BEGIN Given records

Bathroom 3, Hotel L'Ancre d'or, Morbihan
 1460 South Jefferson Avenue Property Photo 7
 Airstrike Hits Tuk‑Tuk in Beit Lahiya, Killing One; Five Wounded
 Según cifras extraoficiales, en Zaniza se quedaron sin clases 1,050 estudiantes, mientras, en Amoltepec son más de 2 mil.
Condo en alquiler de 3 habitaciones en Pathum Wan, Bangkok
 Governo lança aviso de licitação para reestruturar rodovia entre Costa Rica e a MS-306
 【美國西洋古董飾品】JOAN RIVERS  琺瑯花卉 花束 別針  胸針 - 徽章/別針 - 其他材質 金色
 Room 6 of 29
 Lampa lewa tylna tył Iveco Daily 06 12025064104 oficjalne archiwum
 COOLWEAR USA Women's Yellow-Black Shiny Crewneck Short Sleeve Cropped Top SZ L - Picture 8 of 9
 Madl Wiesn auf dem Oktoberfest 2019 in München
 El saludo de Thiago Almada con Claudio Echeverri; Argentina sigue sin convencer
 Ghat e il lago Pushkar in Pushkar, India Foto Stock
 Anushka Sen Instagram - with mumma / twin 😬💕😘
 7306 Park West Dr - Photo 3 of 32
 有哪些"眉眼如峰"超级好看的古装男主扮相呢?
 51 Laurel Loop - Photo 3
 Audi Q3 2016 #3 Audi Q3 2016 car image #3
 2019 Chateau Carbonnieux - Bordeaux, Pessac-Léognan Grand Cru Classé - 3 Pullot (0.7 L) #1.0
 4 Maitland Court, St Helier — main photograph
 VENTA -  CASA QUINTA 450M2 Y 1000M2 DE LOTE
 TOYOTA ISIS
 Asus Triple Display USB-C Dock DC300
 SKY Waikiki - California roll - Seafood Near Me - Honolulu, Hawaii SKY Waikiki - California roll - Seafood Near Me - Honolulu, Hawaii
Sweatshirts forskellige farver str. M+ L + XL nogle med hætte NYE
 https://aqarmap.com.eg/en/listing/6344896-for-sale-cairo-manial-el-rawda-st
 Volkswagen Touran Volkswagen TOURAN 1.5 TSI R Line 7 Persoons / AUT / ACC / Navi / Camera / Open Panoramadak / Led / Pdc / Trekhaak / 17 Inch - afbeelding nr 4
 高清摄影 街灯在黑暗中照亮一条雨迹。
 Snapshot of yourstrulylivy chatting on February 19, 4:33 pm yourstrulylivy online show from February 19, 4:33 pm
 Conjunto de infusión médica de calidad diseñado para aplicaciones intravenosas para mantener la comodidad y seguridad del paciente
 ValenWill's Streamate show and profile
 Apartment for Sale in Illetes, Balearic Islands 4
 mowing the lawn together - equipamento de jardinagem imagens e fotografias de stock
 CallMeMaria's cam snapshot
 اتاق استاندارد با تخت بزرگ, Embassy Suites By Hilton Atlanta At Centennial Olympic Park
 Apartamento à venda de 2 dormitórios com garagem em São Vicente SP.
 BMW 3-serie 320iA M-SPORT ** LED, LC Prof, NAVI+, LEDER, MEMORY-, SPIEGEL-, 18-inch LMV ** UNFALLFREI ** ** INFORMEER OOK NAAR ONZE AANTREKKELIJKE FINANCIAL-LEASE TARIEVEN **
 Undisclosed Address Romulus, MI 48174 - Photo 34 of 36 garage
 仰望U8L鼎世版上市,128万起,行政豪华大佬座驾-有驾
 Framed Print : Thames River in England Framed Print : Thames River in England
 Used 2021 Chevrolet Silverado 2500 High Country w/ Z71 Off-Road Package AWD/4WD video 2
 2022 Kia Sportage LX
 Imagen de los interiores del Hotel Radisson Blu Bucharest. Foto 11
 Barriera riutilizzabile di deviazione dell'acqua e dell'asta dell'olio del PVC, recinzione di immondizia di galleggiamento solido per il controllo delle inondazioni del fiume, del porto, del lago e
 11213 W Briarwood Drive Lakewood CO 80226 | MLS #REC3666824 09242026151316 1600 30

END Given records

== Assignment ==
Each line above from the one with "1000M2 DE LOTE" up to and including the one with "Sweatshirts forskellige farver" must be set down exactly, and no line outside that span may appear.

== Exercise solution ==
 VENTA -  CASA QUINTA 450M2 Y 1000M2 DE LOTE
 TOYOTA ISIS
 Asus Triple Display USB-C Dock DC300
 SKY Waikiki - California roll - Seafood Near Me - Honolulu, Hawaii SKY Waikiki - California roll - Seafood Near Me - Honolulu, Hawaii
Sweatshirts forskellige farver str. M+ L + XL nogle med hætte NYE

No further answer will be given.